When to stop iterating

Prompt tuning has diminishing returns. Going from 70% to 85% might take a day. Going from 85% to 90% might take a week. Going from 90% to 93% might take a month and a model upgrade.

Before you start iterating, define the target. The conversation about acceptable failure rates belongs to the PM and business stakeholders, not the engineer alone.

Once you hit the target, ship. Don’t gold-plate.

If you can’t hit the target after reasonable effort, that is a signal too. Maybe the task is not suited to the current model. Maybe you need a different approach: deterministic fallback, ensemble logic, or human in the loop routing. The rent roll uploader was exactly this — we stopped trying to make the LLM do a calculator’s job.

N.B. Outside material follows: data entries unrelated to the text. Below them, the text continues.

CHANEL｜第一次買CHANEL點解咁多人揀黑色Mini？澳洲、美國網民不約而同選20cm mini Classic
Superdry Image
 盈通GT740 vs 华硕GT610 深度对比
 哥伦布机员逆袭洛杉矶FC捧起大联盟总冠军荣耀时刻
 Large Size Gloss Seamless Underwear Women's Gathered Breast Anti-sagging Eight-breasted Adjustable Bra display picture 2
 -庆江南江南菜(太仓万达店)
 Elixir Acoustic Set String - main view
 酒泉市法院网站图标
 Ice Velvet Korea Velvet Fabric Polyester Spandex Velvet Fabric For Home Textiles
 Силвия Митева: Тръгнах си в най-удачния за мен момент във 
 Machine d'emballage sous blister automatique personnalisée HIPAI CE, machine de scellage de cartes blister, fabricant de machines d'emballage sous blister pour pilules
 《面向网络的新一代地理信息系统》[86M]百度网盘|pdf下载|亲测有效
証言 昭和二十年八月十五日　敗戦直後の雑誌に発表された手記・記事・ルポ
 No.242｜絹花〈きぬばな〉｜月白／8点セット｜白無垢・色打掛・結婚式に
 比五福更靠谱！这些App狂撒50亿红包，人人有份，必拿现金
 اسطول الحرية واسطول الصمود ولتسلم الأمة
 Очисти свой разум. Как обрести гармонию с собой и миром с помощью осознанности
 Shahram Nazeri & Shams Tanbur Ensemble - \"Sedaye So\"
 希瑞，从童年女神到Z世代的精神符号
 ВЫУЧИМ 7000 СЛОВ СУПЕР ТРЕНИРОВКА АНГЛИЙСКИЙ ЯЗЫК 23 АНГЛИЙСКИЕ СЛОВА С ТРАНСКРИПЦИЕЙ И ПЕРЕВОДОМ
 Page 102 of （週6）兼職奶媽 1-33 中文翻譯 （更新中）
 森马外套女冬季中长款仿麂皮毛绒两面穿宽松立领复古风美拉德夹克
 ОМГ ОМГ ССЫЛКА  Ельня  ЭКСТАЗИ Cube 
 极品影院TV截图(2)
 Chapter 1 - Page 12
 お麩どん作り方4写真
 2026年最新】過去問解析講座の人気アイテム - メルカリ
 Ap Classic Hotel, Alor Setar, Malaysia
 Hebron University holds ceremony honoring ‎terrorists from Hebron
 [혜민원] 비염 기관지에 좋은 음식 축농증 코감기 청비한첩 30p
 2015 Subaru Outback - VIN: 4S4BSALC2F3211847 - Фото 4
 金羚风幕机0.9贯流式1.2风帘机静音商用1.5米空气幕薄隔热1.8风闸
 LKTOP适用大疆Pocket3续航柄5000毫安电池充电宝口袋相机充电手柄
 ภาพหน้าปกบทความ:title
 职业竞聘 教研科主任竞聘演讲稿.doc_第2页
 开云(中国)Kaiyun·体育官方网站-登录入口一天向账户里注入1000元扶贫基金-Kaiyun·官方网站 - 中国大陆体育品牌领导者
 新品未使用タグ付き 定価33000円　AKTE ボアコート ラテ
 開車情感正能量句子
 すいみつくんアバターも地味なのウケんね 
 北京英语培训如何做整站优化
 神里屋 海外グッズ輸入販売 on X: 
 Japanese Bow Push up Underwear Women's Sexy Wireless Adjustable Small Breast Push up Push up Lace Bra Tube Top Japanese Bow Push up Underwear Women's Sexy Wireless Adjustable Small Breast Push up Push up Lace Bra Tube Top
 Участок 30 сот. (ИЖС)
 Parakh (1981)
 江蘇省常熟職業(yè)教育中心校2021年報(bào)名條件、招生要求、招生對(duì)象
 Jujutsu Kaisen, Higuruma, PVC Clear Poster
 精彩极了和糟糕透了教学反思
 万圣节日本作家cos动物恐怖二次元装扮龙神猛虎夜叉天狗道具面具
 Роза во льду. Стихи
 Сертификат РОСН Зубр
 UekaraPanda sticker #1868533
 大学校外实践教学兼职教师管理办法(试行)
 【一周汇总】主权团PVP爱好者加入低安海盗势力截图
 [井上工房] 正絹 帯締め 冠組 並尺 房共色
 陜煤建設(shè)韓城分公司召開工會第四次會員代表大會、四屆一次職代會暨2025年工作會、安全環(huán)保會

Local testing with mock servers

Catch bugs in your eval script before burning API credits. Treat your eval harness like production code.

Use an AI gateway mock API server that returns ground-truth values from the test dataset. That lets you verify output parsing, JSON handling, metric calculations, and error-handling paths without calling the real provider.

Support simulated failures too: timeouts, malformed JSON, auth failures, and non-200 responses. Your eval script should be tested against bad responses, not just valid ones.

Add a --mock flag to the eval script that switches the endpoint to localhost without requiring credentials.


Final thoughts

Evals are a prerequisite for shipping LLM features responsibly. When you inherit a system without them, one of the first priorities should be backfilling them. Without evals, you are operating blind.

Adding evals requires engineering and product to work from the same definition of success. Engineering builds the infrastructure; product helps define acceptable failure rates, high-cost mistakes, and the edge cases worth tracking. Without that shared framing, evals can become well-engineered systems that answer the wrong product question.